Interstate Bridge Replacement Project Administrator addresses the potential modifying of the CRC Purpose and Need statement

Administrator Greg Johnson informs committee members they will be expected to address every issue that was brought up and approved as part of the locally preferred alternative

After Tuesday’s meeting with the 16 committee members from the Oregon and Washington legislatures, Interstate Bridge Replacement Project Administrator Greg Johnson addressed the issue of revising the Purpose and Need statement from the original Columbia River Crossing (CRC). 

During Tuesday’s meeting of the 16 legislators, Johnson said the following:

Greg Johnson is the Interstate Bridge Replacement Project Administrator. Photo from IBRP
Greg Johnson is the Interstate Bridge Replacement Project Administrator. Photo from IBRP

“One of the one of the key issues that you will be hearing is because we had a locally preferred alternative (LPA) approved, the federal government, through Federal Highway Administration and Federal Transit Authority, will be expecting us to address every issue that was brought up and approved as part of the locally preferred alternative,’’ Johnson told the legislators. 
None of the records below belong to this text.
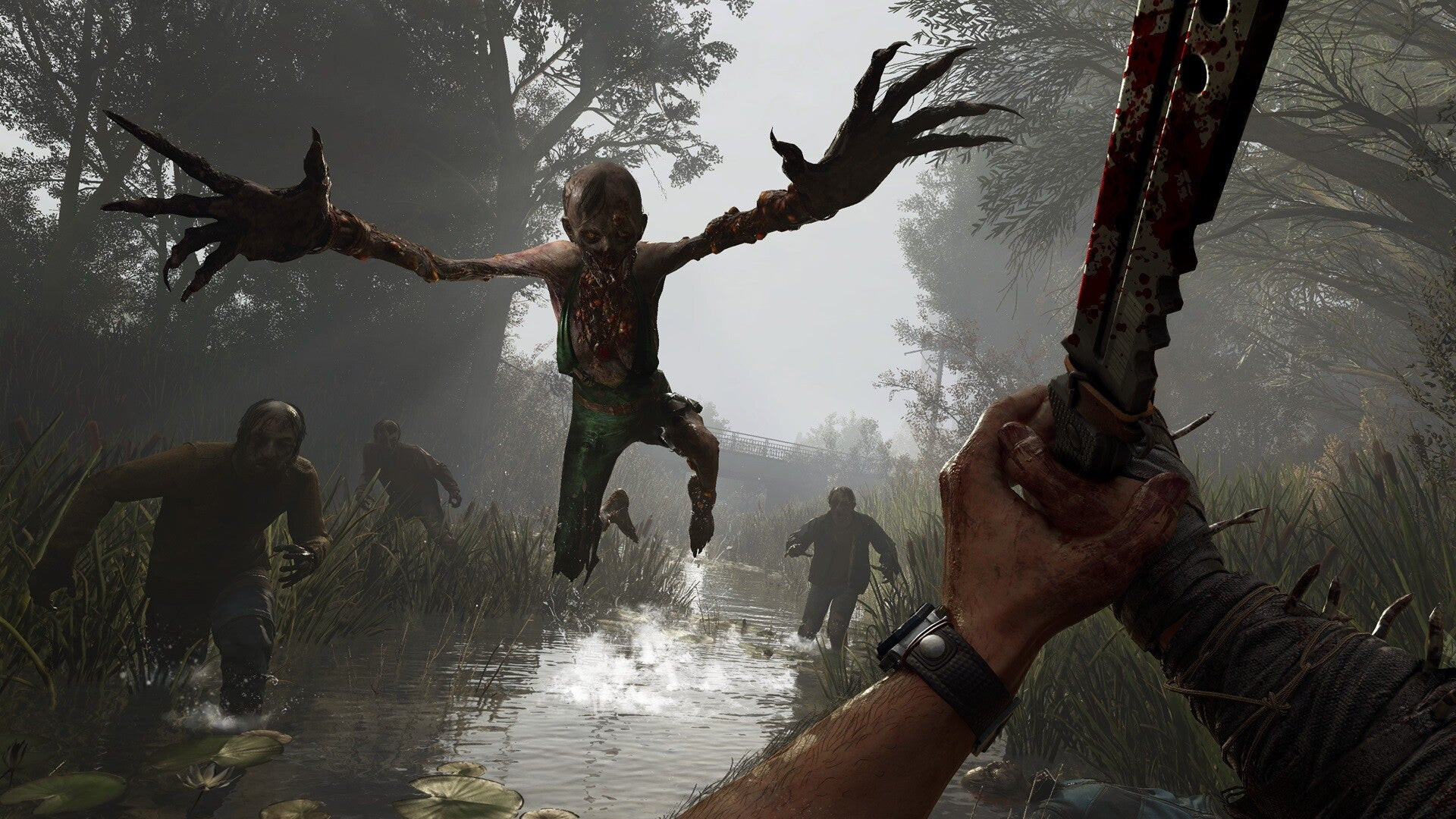 Dying Light: The Beast - Gamescom 2024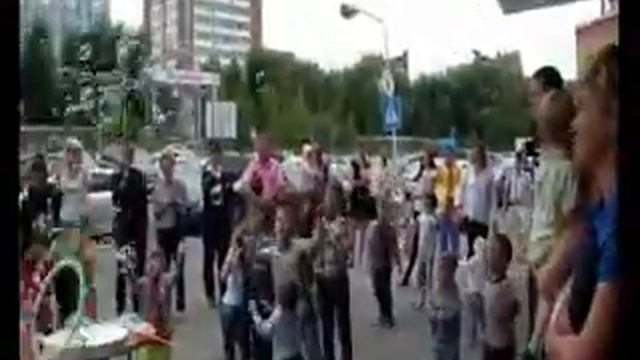 Пиар акция шоу мыльных пузырей 2012 год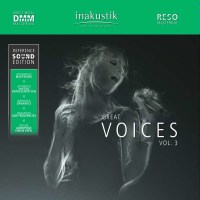 Reference Sound Edition: Great Voices Vol. 3 (180g) -...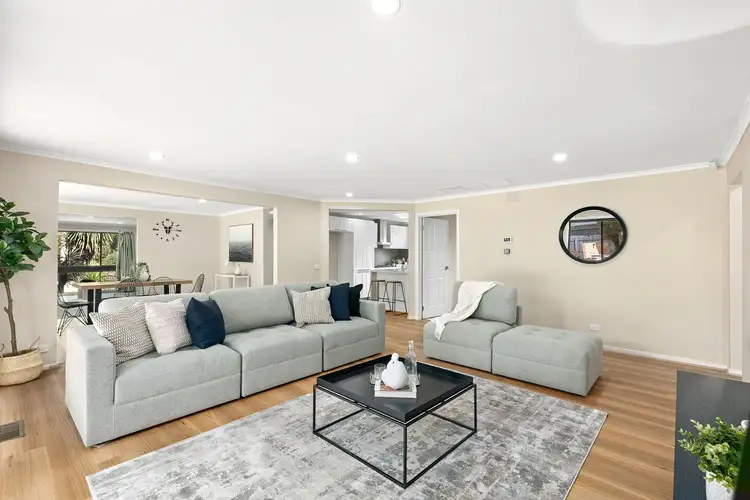 Fifth view of Homely house listing, 3 Charlton Court, Wantirna South VIC 3152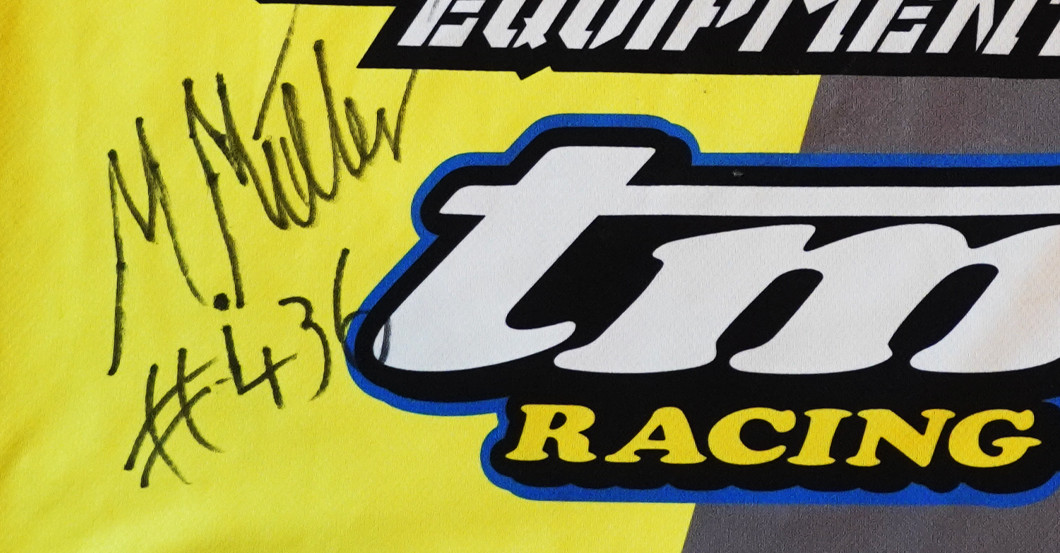 BAL Racing Trikot Müller   BAL Racing Trikot Müller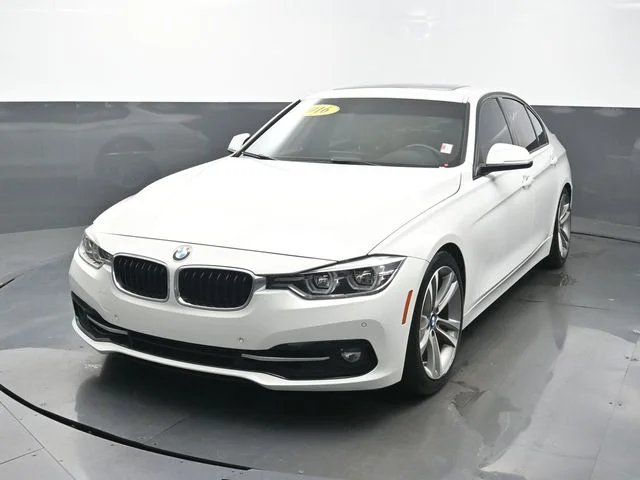 2016 BMW 3 Series 328i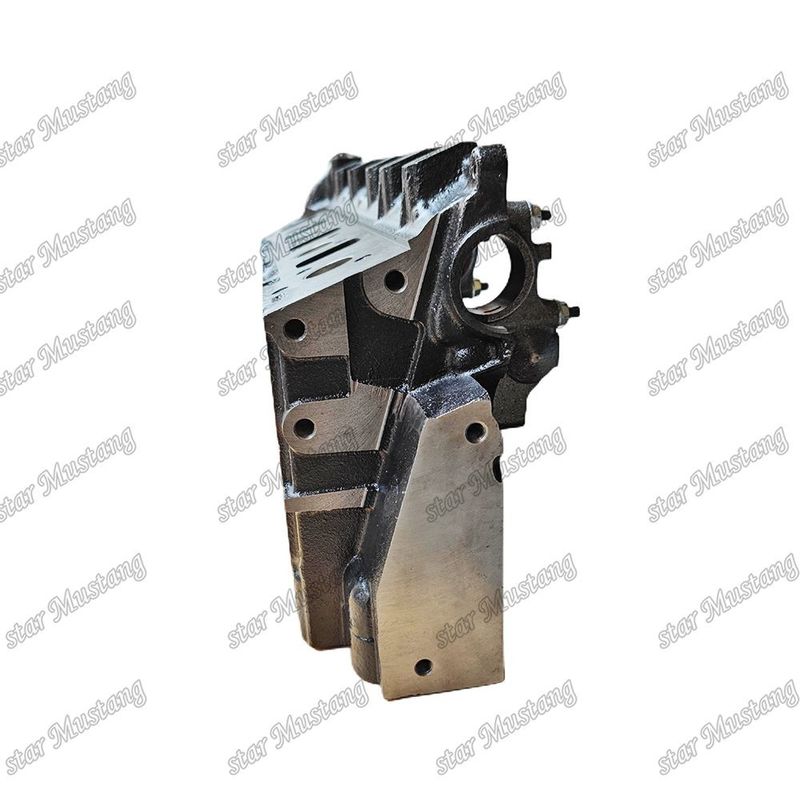Silindir başı montajı 4HK1 otomobil tipi 8981706170 8981706190 8-98170619-0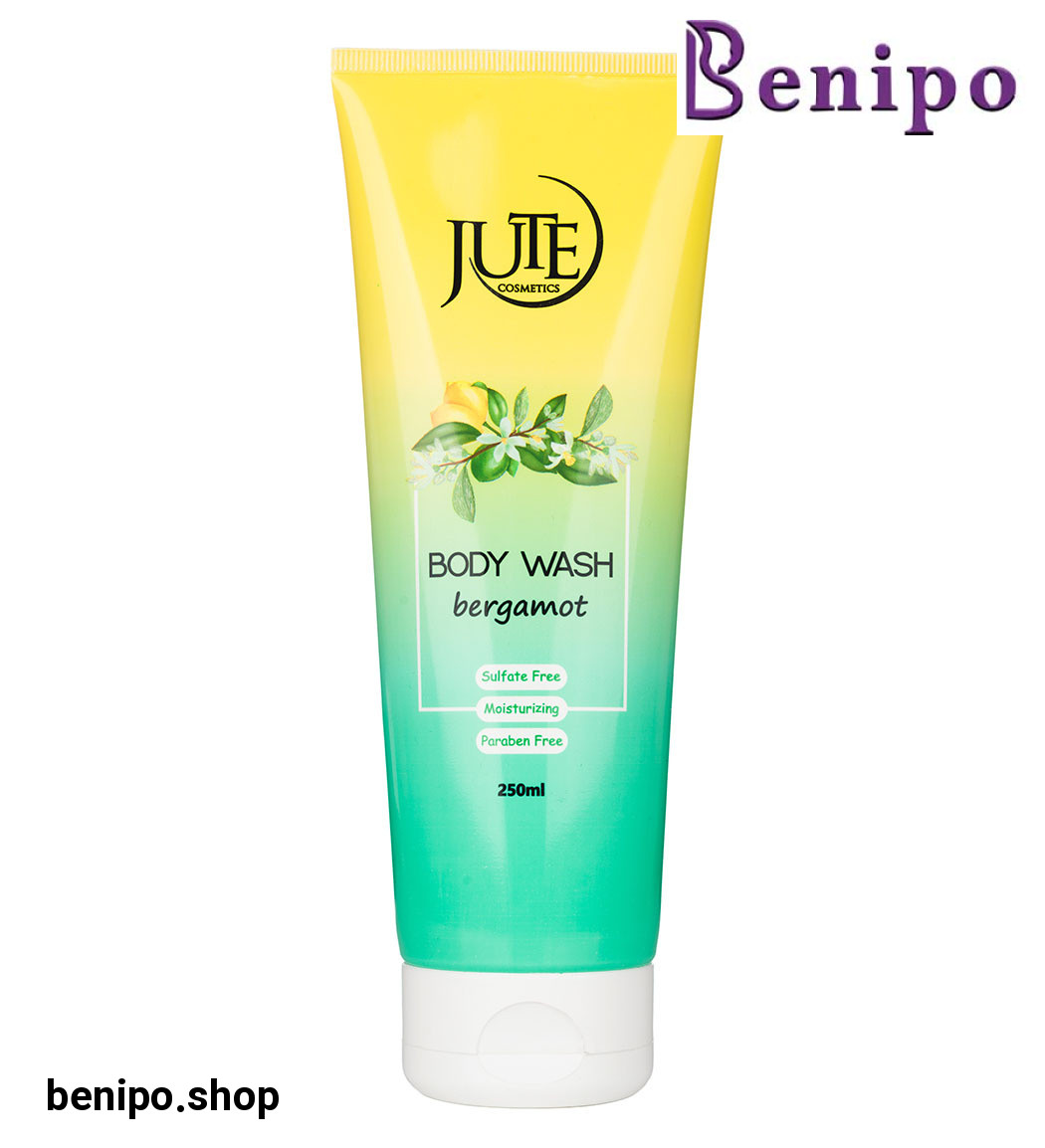 شامپو بدن Bergamot حجم 250 میل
“Now that does not limit us to those are the only things that will be in the purpose in need,’’ Johnson added. “But it does mean that we have to go back and look at and say, ‘okay, have those things been addressed by something different that has happened in this time period, since the original Purpose and Need was established.’”

After the meeting, Johnson responded to several questions from Clark County Today, including whether or not the committee was bound to live by the language and details of the original LPA?

“Ultimately, the program must demonstrate how we have met our NEPA Purpose and Need statement,’’ Johnson said. “The Purpose and Need of the Interstate Bridge Replacement program will determine whether the details of the original LPA are appropriate, or if changes are necessary.’’

Johnson was then asked what would be sufficient reasons to be allowed to deviate from the original LPA?

“Because more than three years have passed since the Record of Decision was issued, FHWA and FTA require agencies to re-evaluate the previous NEPA decision before taking any actions,’’ he wrote in his email response. “The re-evaluation requires that we assess changes in the project area, changes in regulations, and changes in project need to provide context for how we are to proceed. As we assess changes, we must address every aspect that was covered in the original Purpose and Need and whether or not changes to the Purpose and Need are warranted. Those changes, along with Vision and Values that the program will establish, will define the reasons why we might deviate from alternatives identified in the previous planning effort.’’

Johnson was then asked how often have major, national projects changed their LPA language after an initial Record of Decision, and have those projects been allowed to proceed with a “new” or significantly revised LPA?

“All federal projects must comply with NEPA, including requirements to re-evaluate with project changes, or with the passage of time,’’ he said. “It is common for major projects to change aspects such as design elements or construction details of the preferred alternative after a Record of Decision is issued. Although they did not change the overall LPA, there were 2 re-evaluations completed for the former CRC project that addressed design changes after the ROD was issued. It is important to note that such changes do require more analysis and further NEPA process.’’

For more information, USDOT maintains guidance for how to evaluate those changes (FHWA’s Environmental Review Toolkit, NEPA Re-Evaluation Joint Guidance for Federal Highway Administration (FHWA), Federal Railroad Administration (FRA) & Federal Transit Administration (FTA), issued on August 13, 2019).

Johnson was then asked what are the chances this new project will not have to fulfill the requirements of the original CRC-defined Record of Decision (ROD) and Locally Preferred Alternative?

“The program will use design work and environmental analysis from the former planning process to inform new program development work needed to complete an updated Purpose and Need, and the Vision and Values that will be established by the IBR program,’’ he said. “While the program is in the early stages of the NEPA process and will need to analyze current technical data to determine how best to supplement previous work, the transportation needs previously identified still exist. 

“As part of the planning work to update the Purpose and Need for the IBR program, our federal partners will expect us to evaluate the issues that were identified as part of the approved ROD, including determining to what extent any of the transportation problems have been addressed and if there are new problems that should be taken into consideration,’’ Johnson said.